Notes: Physical examination of the proband revealed hyperkeratosis and scales on the trunk and extremities (A) and desquamation of the palm (B). Hyperkeratotic plaques can be seen on the back of the hand of her son (C) and the lesion healed quickly after retinoid acid treatment (D). The histopathological examination of the proband revealed hyperkeratosis and acanthosis, severe granular degeneration in the spinous and granular layers of the epidermis (hematoxylin and eosin stain ×100) (E). Sequencing results of exon 1 of KRT10 from the patients (F) and from an unaffected individual (G). A heterozygous mutation c.467G>A resulting in an arginine to histidine substitution in codon 156 (p.Arg156His) of KRT10 was identified in the family.

Direct sequencing of the whole coding regions of KRT1 and KRT10 was performed. A heterozygous KRT10 missense mutation c.467G>A(p.Arg156His) was identified in the proband and her son, while not in normal controls (Figure 2F and G). The mutation hotspots of EHK are located at the conserved sequences in helix initiative and helix terminal motifs of K1 and K10.2 The mutation of the reported family, c.467G>A, just occurred at the hotspots. A previous study has revealed that the relationship between the genotype and phenotype in these patients was complex, not only dependent on the position of the mutation but also on the actual amino acid substitution.3,4 The p.R156 of KRT10 can be substituted by many amino acids such as serine, glycine, cysteine, histidine, and leucine, of which histidine is the most similar to arginine. Theoretically, the p.Arg156His mutation should be accompanied by a mild clinical manifestation,3 but the reported patients experienced severe conditions. So we cannot conclude that the more similar between two amino acid substitution in the same codon, the milder consequence will be brought. The p.Arg156His mutation is rather common in previous reports,2,4 but the clinical manifestations vary greatly. Other genetic or epigenetic factors that were not identified may influence disease severity.

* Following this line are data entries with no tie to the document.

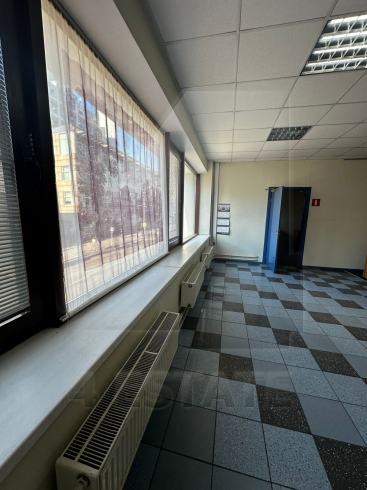 Аренда банковского помещения с отд. входом, м.Маяковская.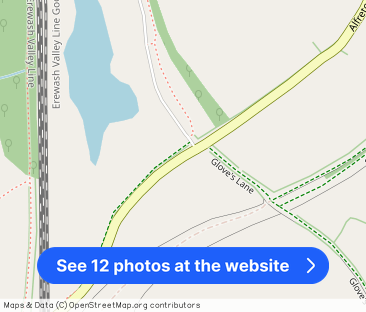 Alfreton Road, Pye Bridge, Alfreton - Photo 1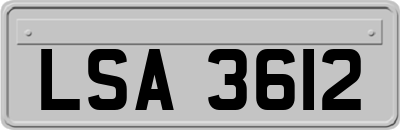 LSA3612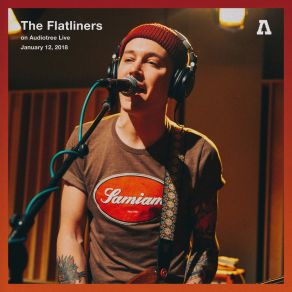 Download track Indoors (Audiotree Live Version) The Flatliners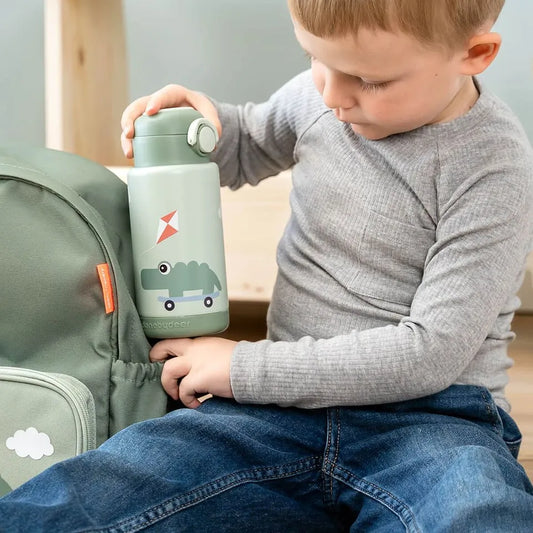 Done By Deer Insulated Bottle Celebration 340ml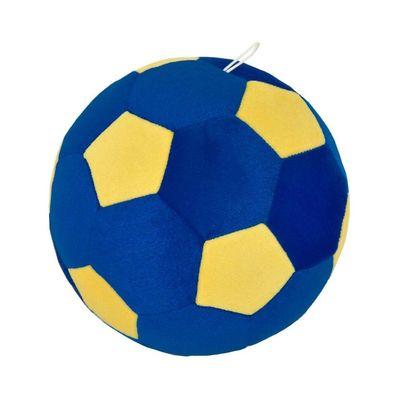 М'яка іграшка Tigres Подушка-3 м' ячик футбольний (ПШ-0003)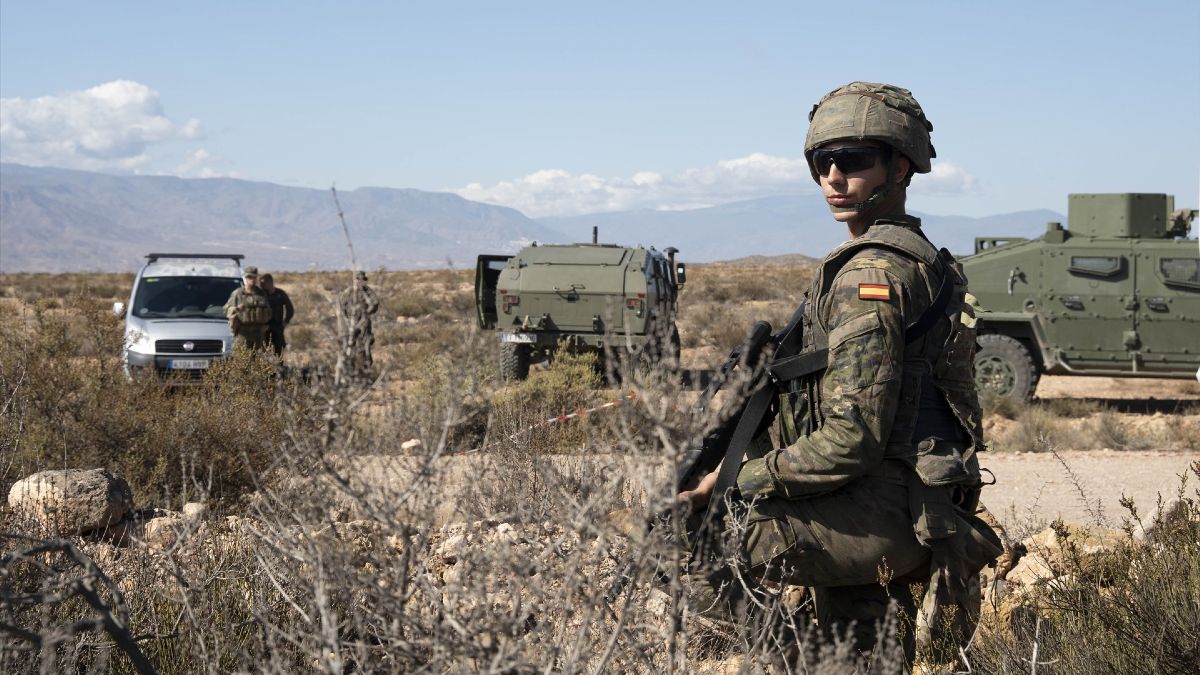 Defensie begint met pogingen om de militaire carrière tot een riskant beroep te verklaren, midden in het debat over buitenlandse missies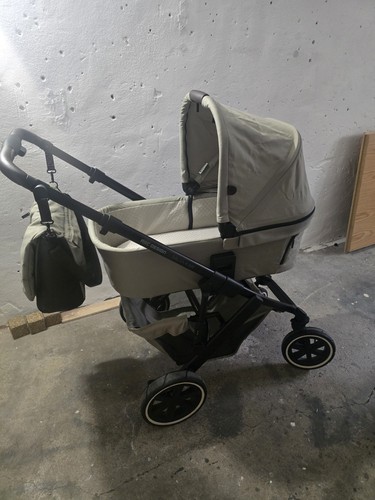 Kinderwagen abc desing salsa - desing,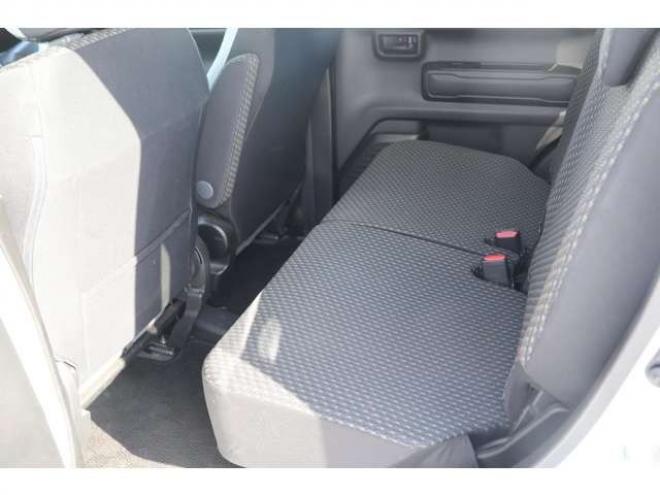 ハスラーハイブリッド G 4WD　検2年　両席シートヒーター 660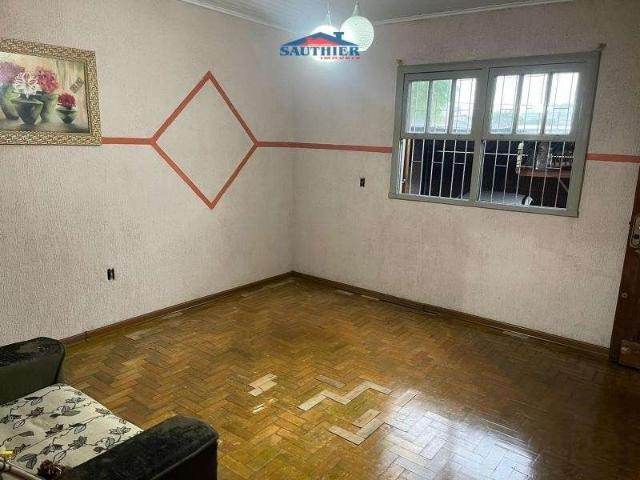 Casa / Sobrado para Venda em Esteio/RS Vila Olímpica 3 Quartos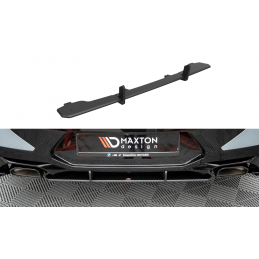 DIFUSOR TRASERO BMW X4...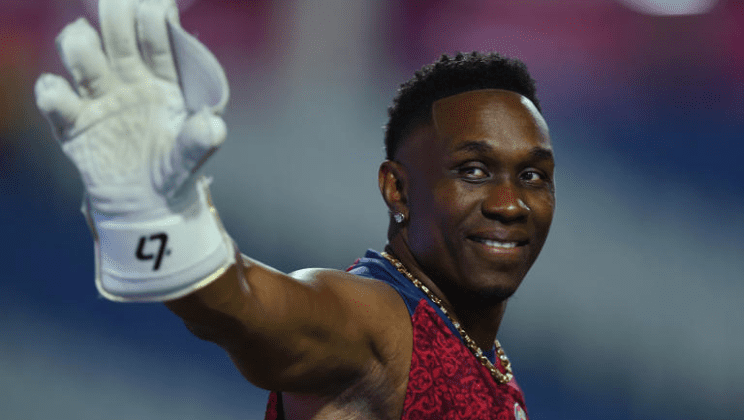 Dwayne Bravo’s Impact on Afghanistan’s Journey to T20 World Cup Semi-Finals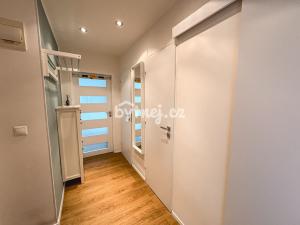 Pronájem bytu 2+1, Prostějov, Fanderlíkova, 54 m2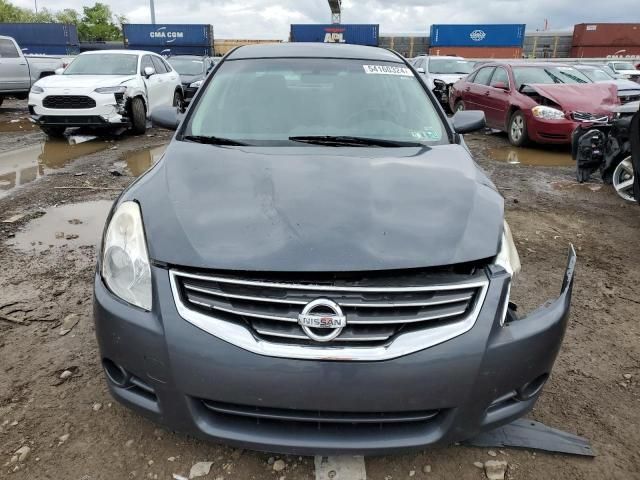 2011 Nissan Altima Base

In conclusion, we confirm the diagnosis of epidermolytic ichthyosis in the two patients according to the genetic testing and this is beneficial for their genetic counseling. The results reveal that the mutation p.R156H of KRT10 is responsible for severe clinical manifestations in a Chinese family with EHK, and also confirm the complexity of the genotype–phenotype correlation in EHK.

Acknowledgment

We are indebted to the Foundation of PUMC innovation team, Teaching and Research Fund Project of PUMC (Grant No 2011zlgc0114, 303-05-8050).

Disclosure

No potential conflict of interest relevant to this work was reported.


References

1.

DiGiovanna JJ, Bale SJ. Clinical heterogeneity in epidermolytic hyperkeratosis. Arch Dermatol. 1994;130(8):1026–1035.

2.

Yang JM, Nam K, Kim SW, et al. Arginine in the beginning of the 1A rod domain of the keratin 10 gene is the hot spot for the mutation in epidermolytic hyperkeratosis. J Dermatol Sci. 1999;19(2):126–133.

3.

Sun XK, Ma LL, Xie YQ, Zhu XJ. Keratin 1 and keratin 10 mutations causing epidermolytic hyperkeratosis in Chinese patients. J Dermatol Sci. 2002;29(3):195–200.

4.

Arin MJ, Oji V, Emmert S, et al. Expanding the keratin mutation database: novel and recurrent mutations and genotype-phenotype correlations in 28 patients with epidermolytic ichthyosis. Br J Dermatol. 2011;164(2):442–447.